Extinction of plants and animals has always occurred in the natural world, but the severe impact of climate change on our planet is no longer deniable. The great expansion of consumerism through plastic production, logging, fossil fuels, industrial meat production, palm oil plantations and overfishing is rapidly stripping our planet of its natural resources. The world’s 7.6 billion people represent just 0.01% of all living things, but over the past 50 years we have lost over half the land animals on earth. Most of them silently disappeared without us ever knowing what they are, or what losing them will actually means for us.

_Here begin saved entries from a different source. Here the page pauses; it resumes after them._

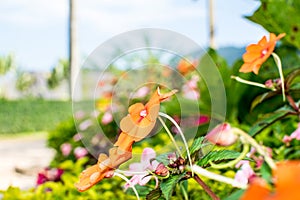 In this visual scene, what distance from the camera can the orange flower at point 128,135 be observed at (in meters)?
0.51

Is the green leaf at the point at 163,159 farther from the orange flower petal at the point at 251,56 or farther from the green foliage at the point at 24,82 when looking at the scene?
the green foliage at the point at 24,82

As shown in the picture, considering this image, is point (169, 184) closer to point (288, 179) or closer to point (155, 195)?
point (155, 195)

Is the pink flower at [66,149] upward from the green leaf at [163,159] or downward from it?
downward

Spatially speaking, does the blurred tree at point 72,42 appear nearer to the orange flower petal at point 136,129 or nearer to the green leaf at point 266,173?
the orange flower petal at point 136,129

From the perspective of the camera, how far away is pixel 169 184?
52 cm

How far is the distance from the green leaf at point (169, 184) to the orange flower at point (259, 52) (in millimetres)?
281

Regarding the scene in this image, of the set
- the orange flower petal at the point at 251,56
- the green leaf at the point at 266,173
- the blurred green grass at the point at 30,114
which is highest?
the green leaf at the point at 266,173

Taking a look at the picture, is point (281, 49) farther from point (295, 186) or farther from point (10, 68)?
point (10, 68)

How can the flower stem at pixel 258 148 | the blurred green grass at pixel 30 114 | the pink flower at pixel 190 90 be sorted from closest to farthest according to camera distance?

Everything is connected, and the extinction of a species as small as a frog has consequences which we do not yet fully understand. While overall evolutionary distinctiveness of species may seem like they could recover over time, we need to realise that particular species, such as elephants and rhinos, would never re-evolve if lost. To put it bluntly, we have entered a biological annihilation of wildlife and if we go on at this rate, we will enter an extinction crisis on the scale of what wiped out the dinosaurs.
Under the Skin
72 x 54cm
Under the Skin is more than a series of prints that raises money for animal charities – it is also a platform to start a down-to-earth conversation about what is happening, to educate ourselves and others using the power of visual design and to inform our audience about environmental issues. Ultimately, we hope our project will inspire others to use their time, skills and passion to create positive change in the world. By sharing our research, insights and sustainable production process we also hope to highlight the potential that businesses have in the realms of conservation.
The threats we are facing can be overwhelming, but the beauty of such a challenge is that every single one of us can make a change. Be it through making music, signing a petition or organising an event, partaking in a fundraiser, running 5K or climbing a mountain to simply having a conversation with a neighbour or a friend, any action is better than no action. It all starts with acknowledging that we have to preserve what little natural places we have left in the world now, and that in saving other species, we are securing our own survival. There is hope, because we are waking up.